Why is it that people demand an explanation from art and they don’t from music?  Our society and western culture have become entranced with the fallacy of reason, logical thinking, and left brained activity in determining the worth of objects and even experiences.  Intuition, spacial relations, spiritual connection, higher truth, empathy, emotion, and the ability to participate in the interconnectedness of all things are right brained activities.  If you tried to make a beautiful painting operating in a purely logical and left brained way, it could never work, it would never even happen.  There is no logical reason to create beauty.  Beauty is undeniably connected to all of the positive, uplifting & unifying virtues of humanity, spirituality, and the great order of the universe.  

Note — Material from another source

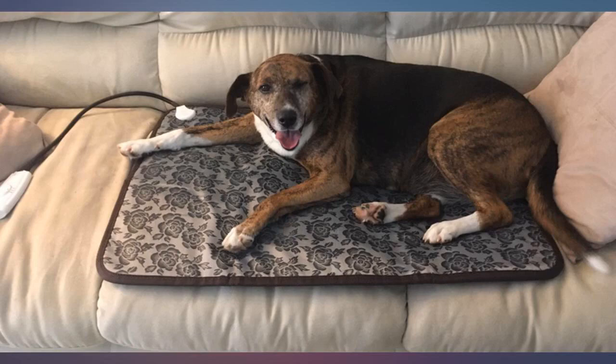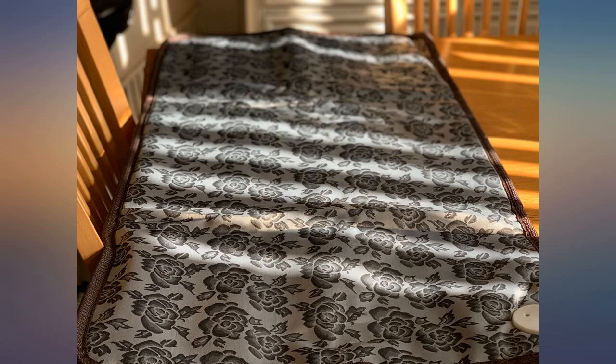I like how it keeps my old dog toasty warm on the low setting. A timer on the control would be nice.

Japanese aesthetics have informed my work in the layers of human characteristics, emotions, and morals that are infused in its tenants of artistic creation.  Twentieth century artists, designers, and architects also influence my work.  The stripping of classical ornamentation in an attempt to democratize art and creativity and the return to simplicity are appealing to me.  Andre Borderie, Fausto Melotti, Alicia Penalba, Andre Bloc, Elisabeth Joulia, Isamu Noguchi, Valetine Schlegel, Evelyn and Jerome Ackerman, and Vassil Ivanov are just a few of the artists I love.

I work with clay because it brings me back to a child like innocence and fascination with construction.  I think of my sculptures and lamps as fantasy architecture.  A small world in which you can live for moment.  Playing with scale creates a magical moment when I exit logical reality and live in world comprised of the elements of pure abstraction: form, color, line, geometry, harmony, dynamic relationships, and potent empty space.  Like music I can ride on the lyrical flow of these elements.  And like mediation I can sit in the silence that sculpture provides.  Much like my spiritual practice, creating sculpture has been a slow and gradual process of creating ecstatic and harmonious states of mind.  When I look back at artists that I admire it is clear to me that they weren’t just making art because it was their talent or their professional skill, it is because they were deriving a kind of pleasure or ecstasy from the heightened refinement of their art.

Aaron Kllc is an American artist who has spend most of his life in the San Francisco Bay Area and is now transitioning to life in Barcelona Spain.